Aqui, na realidade, é fácil construir fortunas pelo ilícito, pagar alguns anos na cadeia (se muito) e ter o resto da vida para se beneficiar dos lucros obtidos com os crimes.
José Geraldo diz
Já não basta o estrago que esse desgraçado fez, ainda vem por fogo no que restou. Sem dúvida, a intenção dele é trazer o PT de volta. Pois foi através do PT que ele roubou bilhões. A opinião dele e um pedaço de merda vale a mesma coisa, não ser pra nada. Põe esse traste na cadeia e ponto final.
Roberto diz
Galera vamos para de nos iludir! Isto só chegou neste ponto porque achou terreno fértil entre os próprios políticos para a finalidade. Já os políticos fazem as falcatruas e corrupções porque o povo também aqui em baixo, em sua maioria, é corrupto dai não tendo vontade e moral para cobrar-lhes o que lhe é justo devido.
Não nos iludimos todos os partido, todos os partidos sem exceção possuem o rabo preso na corrupção. E podemos dizer que mais de 98 % dos políticos são corruptos neste País.
Se quisermos que alguma coisa mude, devemos começar pela base, por cada um rechaçando a corrupção.
Cristiano Marques diz
Resta claro o tamanho da bandidagem deste Joesley.
Tudo o que ele conseguiu foi com o PT e Temer é o capeta nesta história toda?
Muito mal contado.
JLT diz
Tudo é questão de ponto de vista e não estou defendendo nem acusando ninguém!!!

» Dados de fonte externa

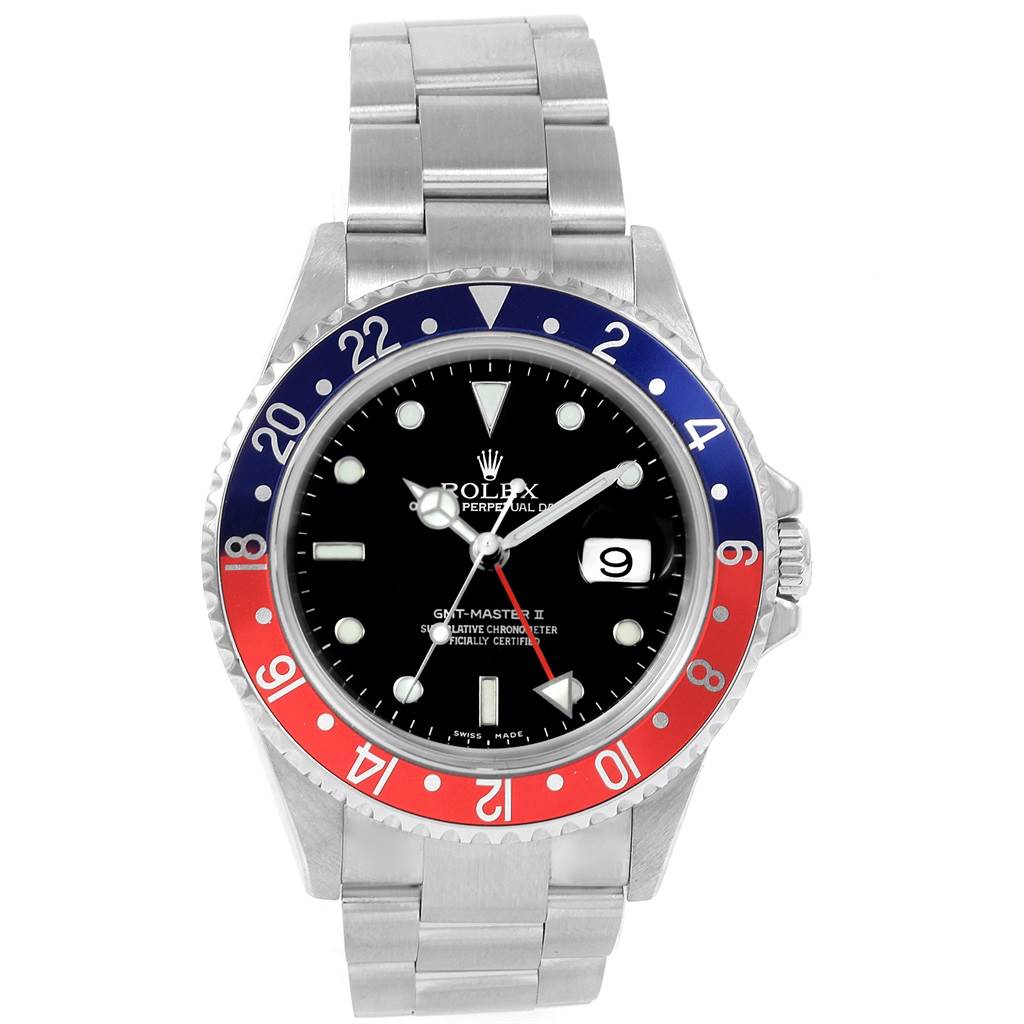 This image shows a front view of the Rolex GMT-Master 16710 Men's Stainless Steel Black Dial 16710 Men's Stainless Steel Black Dial with a red and blue bezel and stainless steel bracelet.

Dá até pra pensar e equiparar com eles que traficante levanta de manhã pensando em gerar emprego, lançar produto, investir, vender mais, aumentar participação no mercado. Traficantes não acordam pensando em cometer crimes querem sobreviver e só compra droga quem quer.

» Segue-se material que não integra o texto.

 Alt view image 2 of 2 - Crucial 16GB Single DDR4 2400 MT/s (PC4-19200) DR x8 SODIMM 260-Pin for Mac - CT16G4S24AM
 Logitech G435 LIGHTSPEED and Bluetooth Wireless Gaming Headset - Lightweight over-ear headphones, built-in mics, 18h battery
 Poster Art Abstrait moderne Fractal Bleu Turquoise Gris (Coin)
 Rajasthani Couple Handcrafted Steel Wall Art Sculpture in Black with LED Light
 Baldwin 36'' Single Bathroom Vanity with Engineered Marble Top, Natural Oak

Já o governo te obriga a pagar impostos e usa o seu dinheiro como quer.
Pergunto: ‘quem’ é mais criminoso, o político ou o traficante?
valdir diz
A corrupção no Brasil parece ser tão antiga quanto; portanto, seria ingenuidade pensar que pioramos no quesito, talvez tenhamos mudado a forma e o modo de apropriação. Desanimador é saber que a maioria se orienta pela grande mídia, aliada e conveniente, porque daí a surpresa dos incautos. Em Minas todos deveríamos saber sobre Aécio, Anastasia, Pimenta da Veiga, Elizeu Resende, Pimentel etc. Mas não, porque tirante este último, todos os demais sempre contaram com o endeusamento patrocinado.
Ricardo Fonseca diz
Engraçado,
Eles encheram os bolsos de dinheiro público a juros camaradas e com este dinheiro realizaram as aquisições no exterior. Depois diz que compete nos EUA sem propina. Pode ficar tranquilo, Joesley, que o governo americano irá lhe mostrar as garras logo, logo. Operou nos EUA com falcatruas alhures, será devidamente investigado e processado.
Ricardo diz
Engraçado,
Eles encheram os bolsos de dinheiro público a juros camaradas e com este dinheiro realizaram as aquisições no exterior. Depois diz que compete nos EUA sem propina. Pode ficar tranquilo, Joesley, que o governo americano irá lhe mostrar as garras logo, logo. Operou nos EUA com falcatruas alhures, será devidamente investigado e processado.